Every summer, the same thing happens. My neighbor Karen shows up at my door with a paper bag full of zucchini from her garden. "I just have TOO MANY," she says, as if she didn't plant 12 plants on purpose.


Before celiac, I'd turn them into zucchini bread and give half the loaves back to Karen. It was our thing.


After diagnosis? Every GF zucchini bread recipe I tried was either dry, gummy, or tasted like cardboard with green specks in it. The zucchini piled up. Karen kept bringing more. I started leaving them on my OTHER neighbor's porch like a vegetable vigilante.


Then I cracked the code. The secret to moist GF zucchini bread isn't more zucchini — it's Greek yogurt. That one ingredient changed everything.

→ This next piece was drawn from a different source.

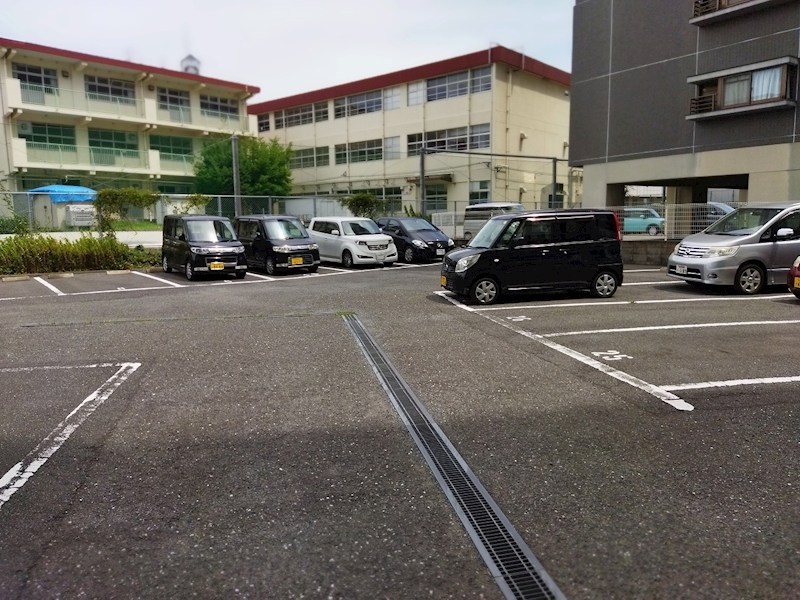 北方ハヤシビルⅠ 駐車場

Now Karen brings me zucchini, I bake her bread, and she has NO IDEA it's gluten-free. She told her book club it's "the best zucchini bread she's ever had." She doesn't need to know the truth.


Why This Recipe Works


  • Impossibly moist — Greek yogurt adds fat, protein, AND moisture. It's the cheat code for GF baking. Combined with oil (not butter), this bread stays moist for DAYS.
  • Perfect spice balance — Cinnamon, nutmeg, AND allspice. Most recipes use only cinnamon. The triple spice creates that warm, complex flavor that makes people say "what IS that?"
  • Not too sweet — Brown sugar gives a caramel depth without making it taste like cake. This is bread, not dessert. (Unless you add the chocolate chips. Then it's definitely dessert.)
  • Freezer superhero — Makes a full loaf. Slice, freeze, and pull individual slices for breakfast or snacks all month.
  • Zucchini = invisible nutrition — The zucchini melts into the bread. Kids don't see it, don't taste it, don't know it's there. Stealth vegetables at their finest.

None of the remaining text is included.